Restate each line below word for word, skipping every picture.

-------- GIVEN INFORMATION --------

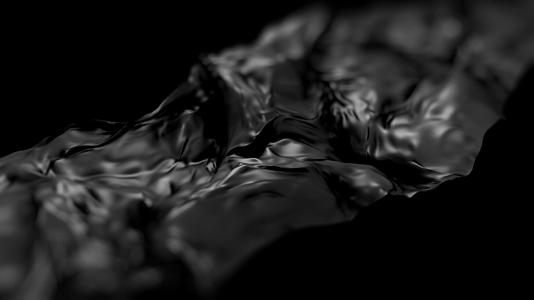 黑色背景黑色丝绸在黑色背景的运动波中视频的预览图
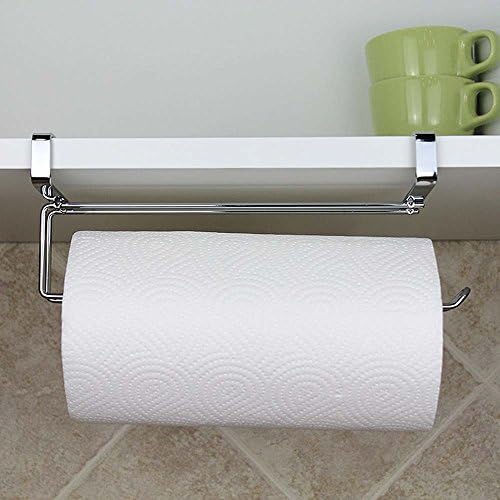 Stainless Steel Kitchen Paper Hanger Under Cabinet Roll Towel Holder Tissue Hanger Organizer Rack for Kitchen Under Cabinet Over Door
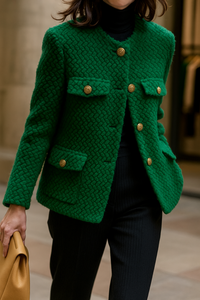 Chic Green Textured Knit Jacket with Gold Buttons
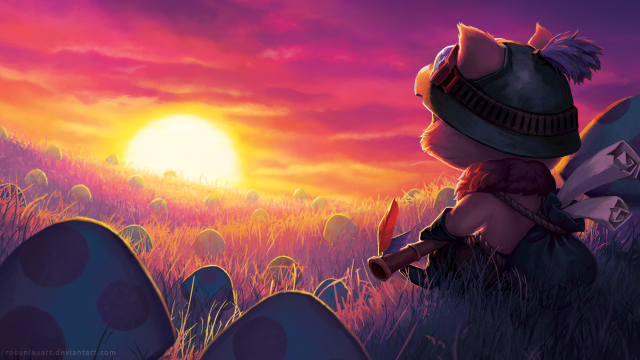 Cartoon character field sunset mushroom free wallpaper for desktop - medium preview image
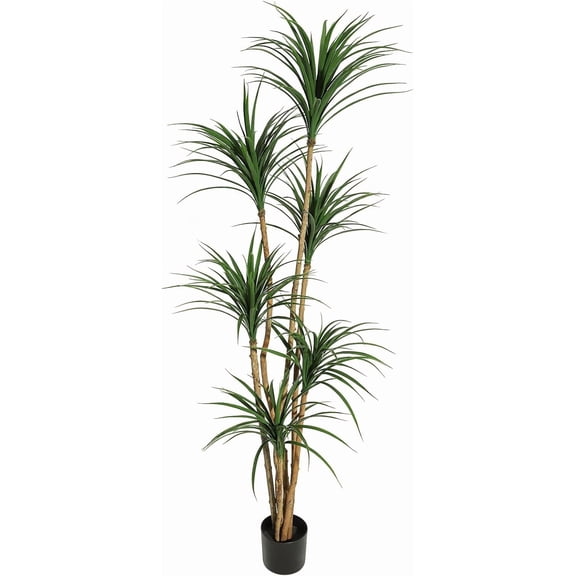 EcoSummer 6ft Artificial Dracaena Tree, Realistic Fake Dracaena Plant for Indoor Decor, Adjustable Branches with Weighted Base, Lifelike Faux Tree for Living Room, Office, Nursery, Photo Backdrop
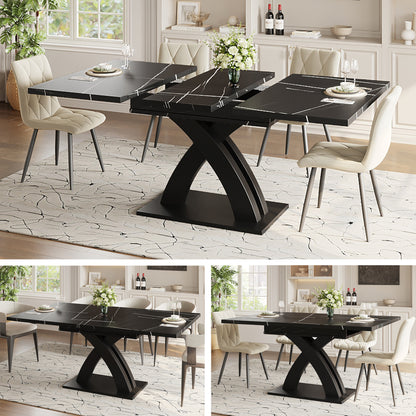 Uitklaptafel – Klaptafel – Vouwtafel – Eettafel – Campingtafel – Verlengbaar 120-160 cm – Marmerlook MDF Tafelblad – Stabiel Zwart X-Frame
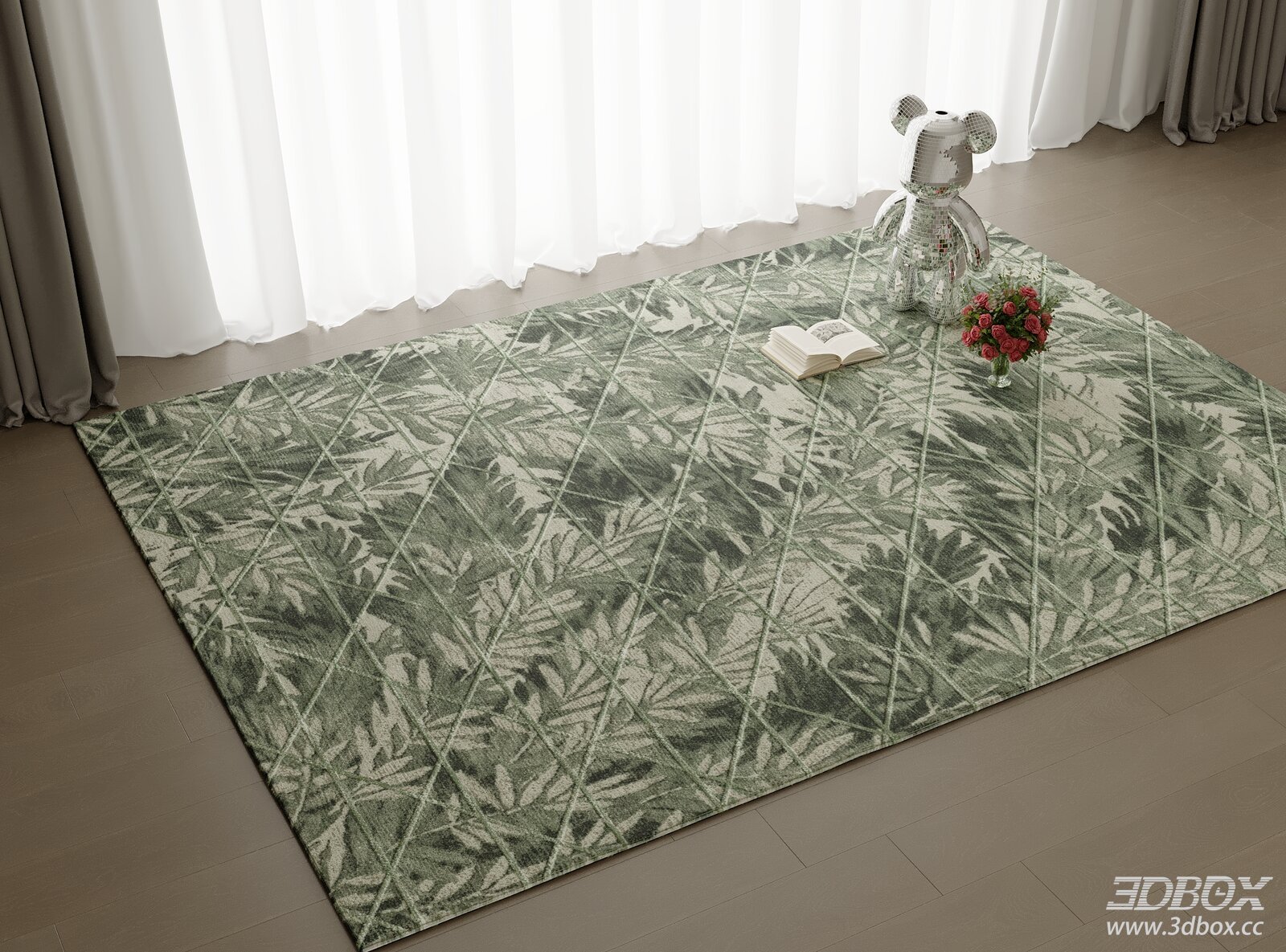 Modern Green Leaf Pattern Geometric Carpet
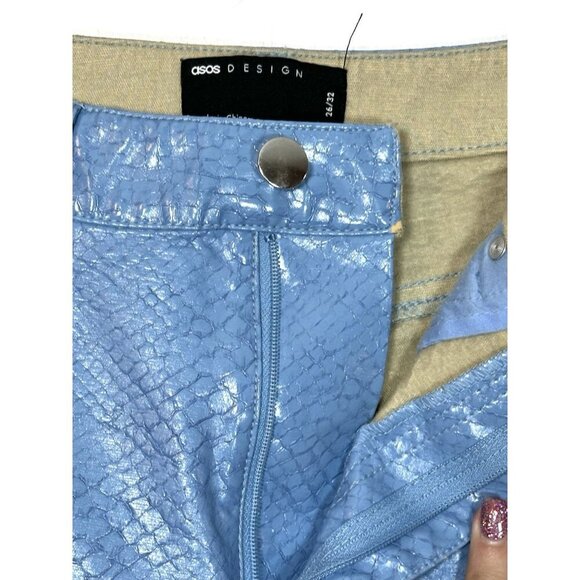 ASOS DESIGN‎ Light Blue Faux Crocodile Leather Straight Leg Pants Size 26 Y2K - Picture 9 of 14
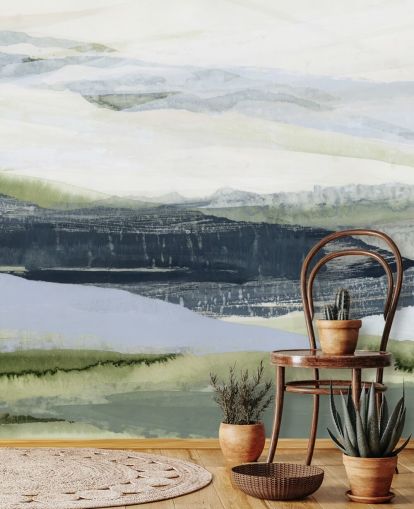 sininen ja vihreä Lara Eckermanin abstrakti seinämaalaus nimeltä After the Rain II kylpyhuoneisiin ja makuuhuoneisiin sininen ja vihreä Lara Eckermanin abstrakti seinämaalaus nimeltä After the Rain II kylpyhuoneisiin ja makuuhuoneisiin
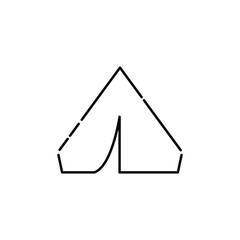 Tent Icon Vector. Lineal or Linear art.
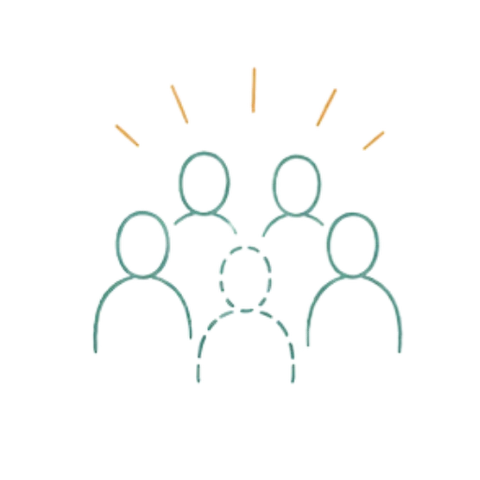 Icon of a person fading into a crowd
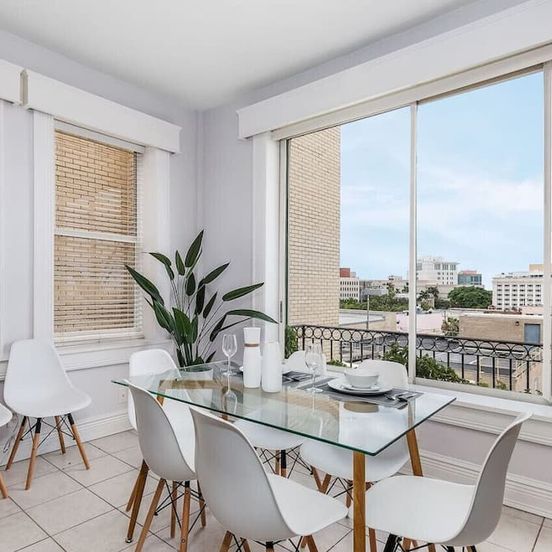 Dining room view of Casa Historia: Sleek 2b Apt Unique Spot Downtown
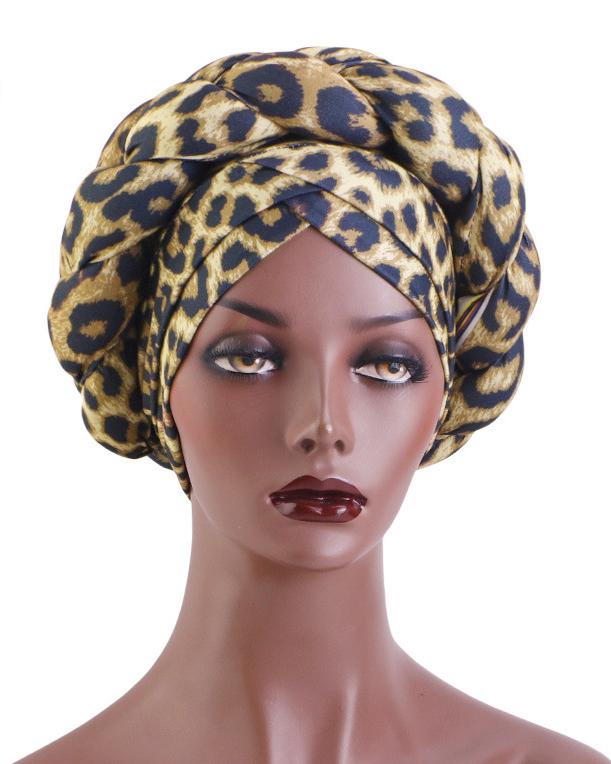 African Print Three-dimensional Sponge Braided Turban Hat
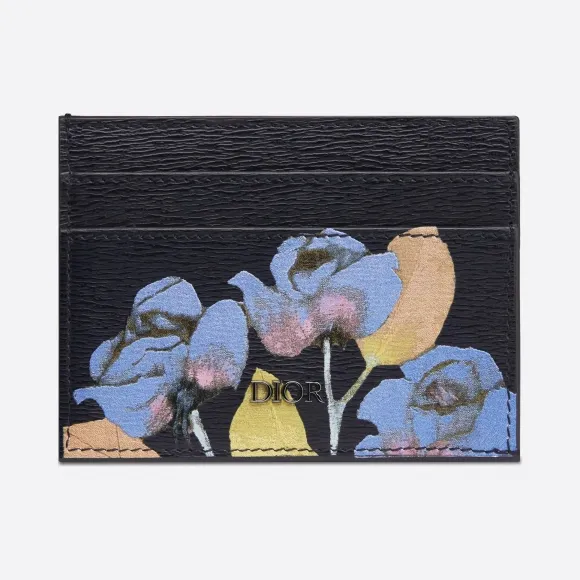 迪奥/Dior 海军蓝纹理牛皮革 DIOR AND ALEX FOXTON 印花卡夹 2PLCH089YVG-H00E
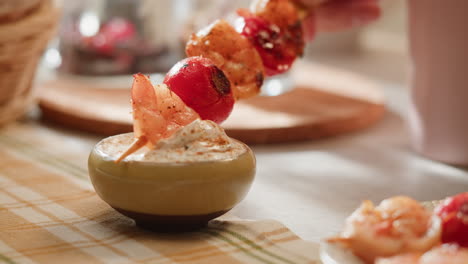 shrimp skewers with dipping sauce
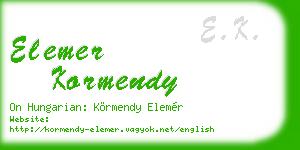 elemer kormendy business card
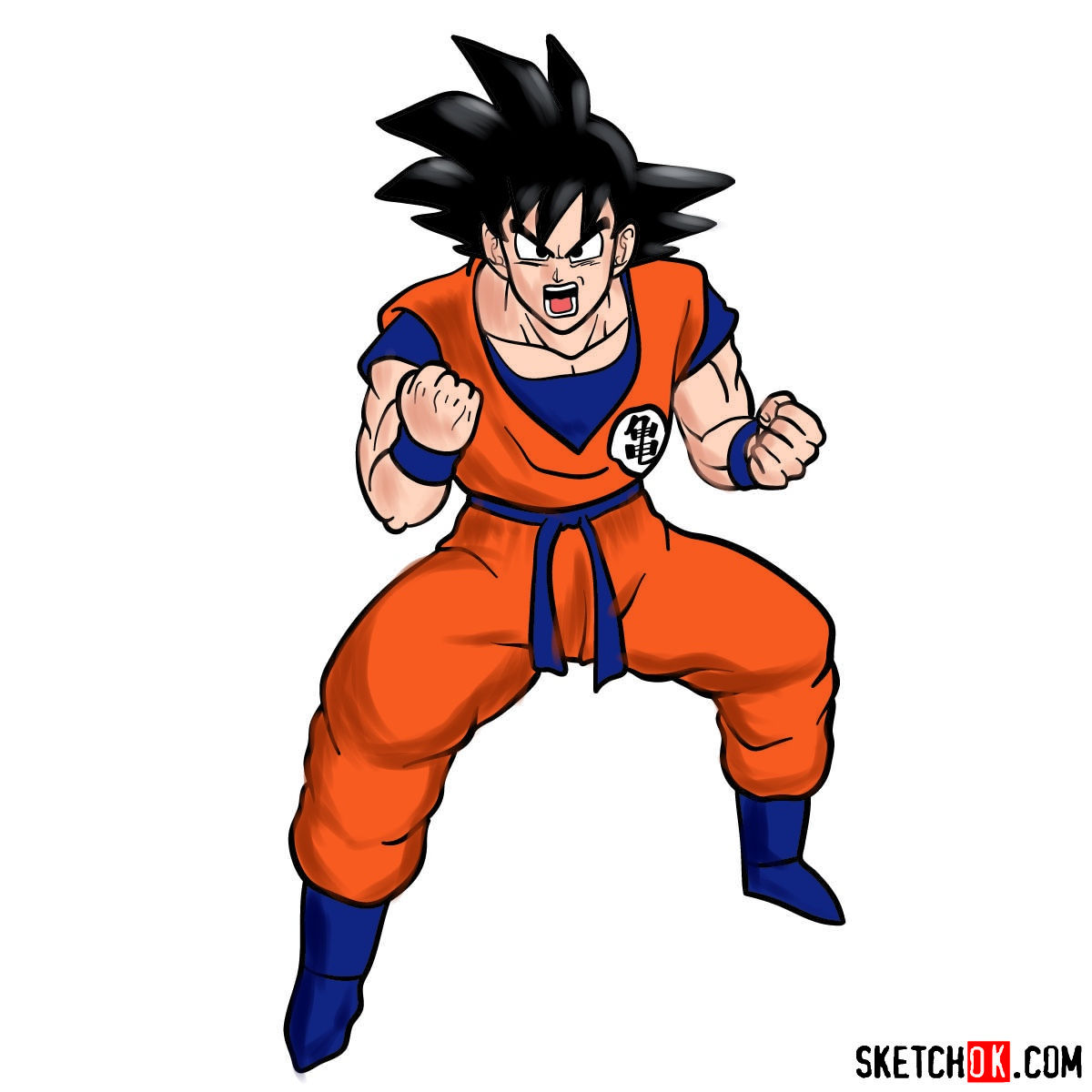 How to draw Goku | Dragon Ball anime - Sketchok easy drawing guides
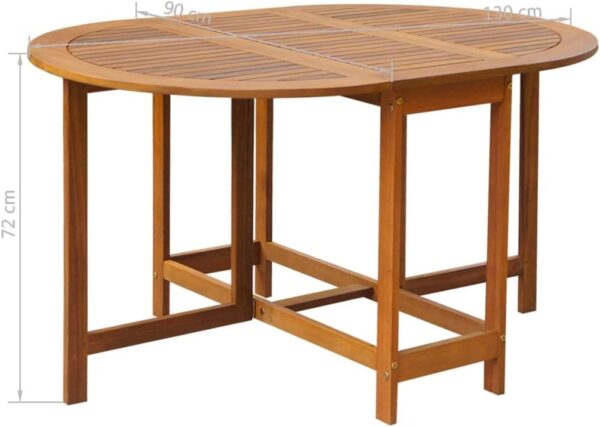 Tidyard 5 Piece Outdoor Folding Dining Set Chairs Stand and Table for Garden Patio Campsite Solid Acacia Wood - Image 4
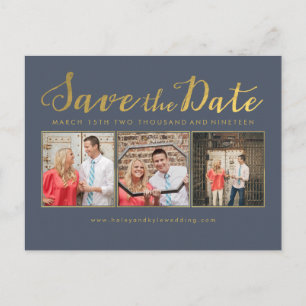 Cartões de foto com tipografia Gold Navy para salv
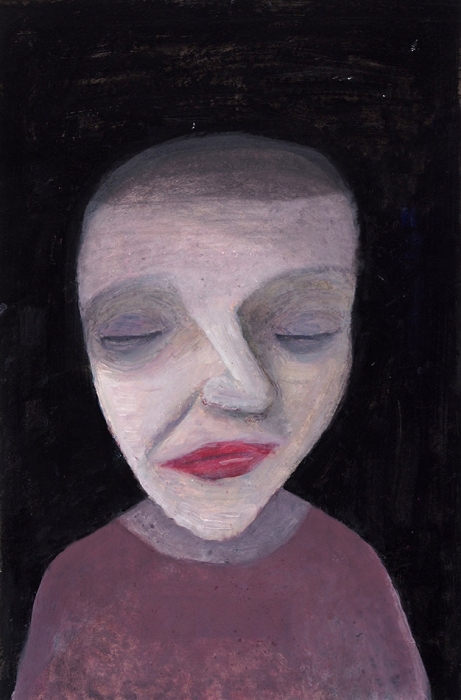 Повзнер Лев Александрович (род. 1939) «Портрет с закрытыми глазами». 2015. Бумага, акрил, 69,5x45,6 см.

--------

THE ANSWER =>
 黑色背景黑色丝绸在黑色背景的运动波中视频的预览图
 Stainless Steel Kitchen Paper Hanger Under Cabinet Roll Towel Holder Tissue Hanger Organizer Rack for Kitchen Under Cabinet Over Door
 Chic Green Textured Knit Jacket with Gold Buttons
 Cartoon character field sunset mushroom free wallpaper for desktop - medium preview image
 EcoSummer 6ft Artificial Dracaena Tree, Realistic Fake Dracaena Plant for Indoor Decor, Adjustable Branches with Weighted Base, Lifelike Faux Tree for Living Room, Office, Nursery, Photo Backdrop
 Uitklaptafel – Klaptafel – Vouwtafel – Eettafel – Campingtafel – Verlengbaar 120-160 cm – Marmerlook MDF Tafelblad – Stabiel Zwart X-Frame
 Modern Green Leaf Pattern Geometric Carpet
 ASOS DESIGN‎ Light Blue Faux Crocodile Leather Straight Leg Pants Size 26 Y2K - Picture 9 of 14
 sininen ja vihreä Lara Eckermanin abstrakti seinämaalaus nimeltä After the Rain II kylpyhuoneisiin ja makuuhuoneisiin sininen ja vihreä Lara Eckermanin abstrakti seinämaalaus nimeltä After the Rain II kylpyhuoneisiin ja makuuhuoneisiin
 Tent Icon Vector. Lineal or Linear art.
 Icon of a person fading into a crowd
 Dining room view of Casa Historia: Sleek 2b Apt Unique Spot Downtown
 African Print Three-dimensional Sponge Braided Turban Hat
 迪奥/Dior 海军蓝纹理牛皮革 DIOR AND ALEX FOXTON 印花卡夹 2PLCH089YVG-H00E
 shrimp skewers with dipping sauce
 elemer kormendy business card
 How to draw Goku | Dragon Ball anime - Sketchok easy drawing guides
 Tidyard 5 Piece Outdoor Folding Dining Set Chairs Stand and Table for Garden Patio Campsite Solid Acacia Wood - Image 4
 Cartões de foto com tipografia Gold Navy para salv
 Повзнер Лев Александрович (род. 1939) «Портрет с закрытыми глазами». 2015. Бумага, акрил, 69,5x45,6 см.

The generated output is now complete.